▶ [EXERCISE OBJECTIVE] Go through the material below and copy all lines with "creating".

════════

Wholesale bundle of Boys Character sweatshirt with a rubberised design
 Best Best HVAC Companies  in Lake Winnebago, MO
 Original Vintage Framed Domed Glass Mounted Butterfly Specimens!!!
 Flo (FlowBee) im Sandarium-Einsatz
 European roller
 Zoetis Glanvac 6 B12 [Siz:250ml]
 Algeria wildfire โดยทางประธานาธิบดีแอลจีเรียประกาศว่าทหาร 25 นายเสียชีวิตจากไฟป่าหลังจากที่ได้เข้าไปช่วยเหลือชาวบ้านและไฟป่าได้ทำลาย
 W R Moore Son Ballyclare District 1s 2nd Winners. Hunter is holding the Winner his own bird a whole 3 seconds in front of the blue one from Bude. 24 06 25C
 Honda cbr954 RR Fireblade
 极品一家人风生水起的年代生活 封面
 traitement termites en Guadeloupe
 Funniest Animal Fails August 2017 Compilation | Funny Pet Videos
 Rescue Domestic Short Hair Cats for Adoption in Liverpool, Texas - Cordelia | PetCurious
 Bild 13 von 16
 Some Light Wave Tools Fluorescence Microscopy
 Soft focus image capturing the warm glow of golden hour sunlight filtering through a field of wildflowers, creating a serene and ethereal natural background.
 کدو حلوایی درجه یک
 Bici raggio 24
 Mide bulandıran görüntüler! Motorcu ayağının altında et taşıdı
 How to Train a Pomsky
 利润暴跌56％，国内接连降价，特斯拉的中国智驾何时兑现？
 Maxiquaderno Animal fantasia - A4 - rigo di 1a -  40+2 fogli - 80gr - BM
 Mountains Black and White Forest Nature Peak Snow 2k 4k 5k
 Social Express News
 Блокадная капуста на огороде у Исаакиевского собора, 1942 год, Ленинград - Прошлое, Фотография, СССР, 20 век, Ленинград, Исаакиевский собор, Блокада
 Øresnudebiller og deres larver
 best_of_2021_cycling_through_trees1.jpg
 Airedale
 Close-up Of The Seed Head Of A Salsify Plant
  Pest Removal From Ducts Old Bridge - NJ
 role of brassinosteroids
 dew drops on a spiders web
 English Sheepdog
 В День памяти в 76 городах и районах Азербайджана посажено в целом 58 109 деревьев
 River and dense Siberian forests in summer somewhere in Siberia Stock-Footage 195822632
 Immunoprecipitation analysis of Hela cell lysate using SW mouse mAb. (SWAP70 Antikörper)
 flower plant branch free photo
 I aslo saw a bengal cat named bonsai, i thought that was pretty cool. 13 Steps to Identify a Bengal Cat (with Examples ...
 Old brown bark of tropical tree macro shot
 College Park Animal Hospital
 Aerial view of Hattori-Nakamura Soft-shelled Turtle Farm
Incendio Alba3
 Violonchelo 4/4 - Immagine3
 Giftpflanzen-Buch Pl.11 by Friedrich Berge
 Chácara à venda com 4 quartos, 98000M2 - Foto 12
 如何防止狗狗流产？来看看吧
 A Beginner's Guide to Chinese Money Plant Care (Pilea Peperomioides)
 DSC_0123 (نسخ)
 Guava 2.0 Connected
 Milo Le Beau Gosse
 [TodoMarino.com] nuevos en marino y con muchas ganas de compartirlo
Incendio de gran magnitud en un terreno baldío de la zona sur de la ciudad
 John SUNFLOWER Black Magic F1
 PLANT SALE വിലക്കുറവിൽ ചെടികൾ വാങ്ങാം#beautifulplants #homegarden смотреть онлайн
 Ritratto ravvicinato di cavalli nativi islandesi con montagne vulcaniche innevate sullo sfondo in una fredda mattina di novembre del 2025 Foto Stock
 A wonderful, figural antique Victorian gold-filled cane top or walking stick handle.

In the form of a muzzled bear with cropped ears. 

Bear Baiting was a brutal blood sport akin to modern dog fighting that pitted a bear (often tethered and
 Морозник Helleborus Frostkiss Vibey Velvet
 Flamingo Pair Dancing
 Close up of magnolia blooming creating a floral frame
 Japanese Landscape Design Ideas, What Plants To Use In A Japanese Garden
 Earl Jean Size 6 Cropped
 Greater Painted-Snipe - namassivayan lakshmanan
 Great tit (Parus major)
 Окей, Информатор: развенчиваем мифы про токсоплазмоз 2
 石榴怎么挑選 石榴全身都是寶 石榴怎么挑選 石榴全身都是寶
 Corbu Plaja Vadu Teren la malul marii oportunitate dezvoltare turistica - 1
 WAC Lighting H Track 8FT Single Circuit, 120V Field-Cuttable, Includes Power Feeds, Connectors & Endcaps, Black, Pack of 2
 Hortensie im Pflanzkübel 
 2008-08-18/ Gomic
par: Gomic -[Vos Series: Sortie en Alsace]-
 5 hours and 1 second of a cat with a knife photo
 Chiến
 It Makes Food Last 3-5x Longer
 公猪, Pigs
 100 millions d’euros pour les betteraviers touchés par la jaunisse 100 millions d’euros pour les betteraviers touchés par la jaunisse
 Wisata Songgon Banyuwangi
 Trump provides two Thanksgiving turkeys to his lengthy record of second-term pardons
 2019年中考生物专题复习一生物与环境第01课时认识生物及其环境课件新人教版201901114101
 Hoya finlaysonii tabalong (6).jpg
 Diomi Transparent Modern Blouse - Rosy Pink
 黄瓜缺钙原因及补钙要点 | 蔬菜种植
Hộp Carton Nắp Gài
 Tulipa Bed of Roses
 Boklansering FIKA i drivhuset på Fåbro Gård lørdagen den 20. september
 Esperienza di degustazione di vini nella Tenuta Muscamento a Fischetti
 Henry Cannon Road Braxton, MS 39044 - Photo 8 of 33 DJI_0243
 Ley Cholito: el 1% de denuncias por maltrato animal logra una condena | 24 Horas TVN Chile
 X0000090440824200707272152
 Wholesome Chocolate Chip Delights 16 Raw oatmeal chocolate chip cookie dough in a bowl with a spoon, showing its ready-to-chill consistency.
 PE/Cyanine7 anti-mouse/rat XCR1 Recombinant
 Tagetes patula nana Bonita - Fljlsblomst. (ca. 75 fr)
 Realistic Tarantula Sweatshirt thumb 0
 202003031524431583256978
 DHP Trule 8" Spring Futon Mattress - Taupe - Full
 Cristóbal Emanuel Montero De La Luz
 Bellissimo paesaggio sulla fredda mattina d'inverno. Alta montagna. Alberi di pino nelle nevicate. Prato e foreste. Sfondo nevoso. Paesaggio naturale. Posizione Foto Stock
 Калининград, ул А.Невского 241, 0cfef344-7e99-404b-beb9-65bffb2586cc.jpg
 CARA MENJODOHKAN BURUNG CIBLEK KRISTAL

════════

▶ [RESPONSE AREA]
 Soft focus image capturing the warm glow of golden hour sunlight filtering through a field of wildflowers, creating a serene and ethereal natural background.
 Close up of magnolia blooming creating a floral frame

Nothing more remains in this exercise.